Using Moxin-7B-Reasoning
This model excels at chain-of-thought (CoT) tasks like math and logic. It was enhanced with Group Relative Policy Optimization (GRPO). To leverage its full potential, ask it to "think step-by-step" or "show its work."
Deployment & Optimization
High Performance on the Edge
Optimized for On-Device AI
Moxin-LLM is specifically designed for efficient performance on edge devices like PCs and mobile phones. This focus addresses the need for privacy and low-latency applications.
The OminiX Engine
For best performance, we recommend using our self-developed OminiX inference and fine-tuning engine. It is optimized for various edge hardware, including domestic NPUs.
Proven Efficiency
Our optimization techniques are powerful enough to deploy a 235B parameter model on a single notebook computer, achieving speeds of around 14 tokens per second.
Fine-Tuning Moxin-LLM
Leverage Moxin's complete openness to create your own specialized models. Our transparency with training data and scripts makes the fine-tuning process more efficient and effective.

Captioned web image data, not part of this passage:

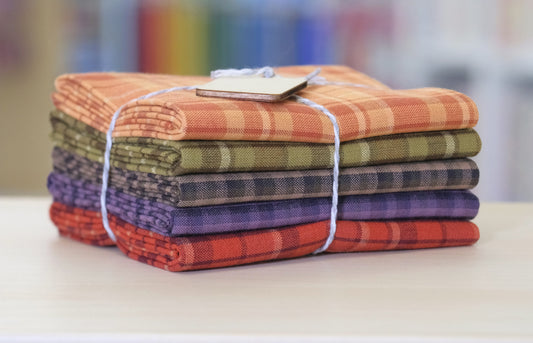 Cozy Plaid Woven Bundle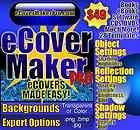   Maker Program, How To Make CD DVD eBook Cover, Instant  Pro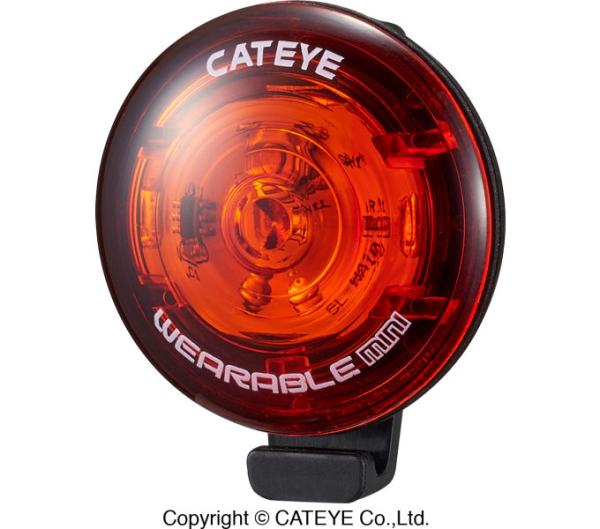 CATEYE CATEYE Sport- & Sicherheitsbeleuchtung Wearable Mini - SL-WA10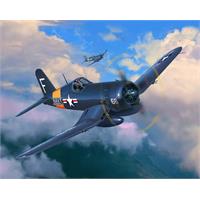 Revell F4U-4 Corsair 1/72 Revell plastbyggesett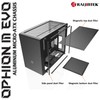 RAIJINTEK Ophion M Evo TGS Micro-ATX, Tempered Glass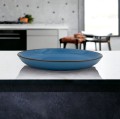 Alumina Rustic Blue Talerz deserowy 22 cm 5903517113094
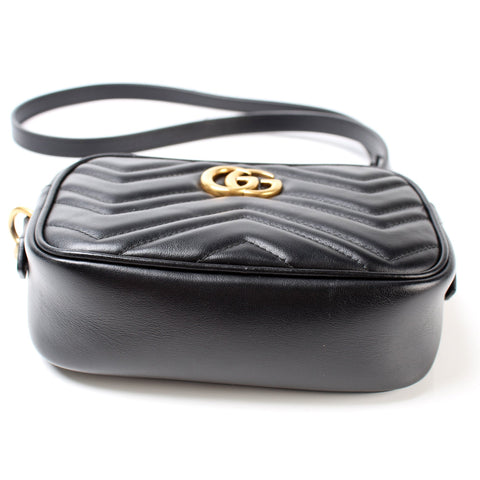 448065 GG Marmont Mini Camera Bag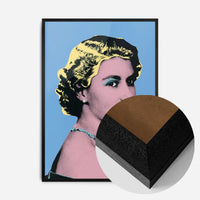Pop Art Queen Jubilee Print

Step 1: Start with Moxin-7B-Base
The `Moxin-7B-Base` model is the ideal starting point for any custom fine-tuning project.
Step 2: Prepare Your Custom Dataset
Collect and format your data for a specific task, such as robotics commands, professional translation terms, or any other domain-specific knowledge.
Step 3: Run the Fine-Tuning Process
Use standard open-source training scripts to fine-tune the model on your dataset. Our open approach ensures you have full control and visibility.
Step 4: Deploy Your Custom Model
Once trained, your specialized model is ready to be deployed, bringing powerful, customized AI to your specific application.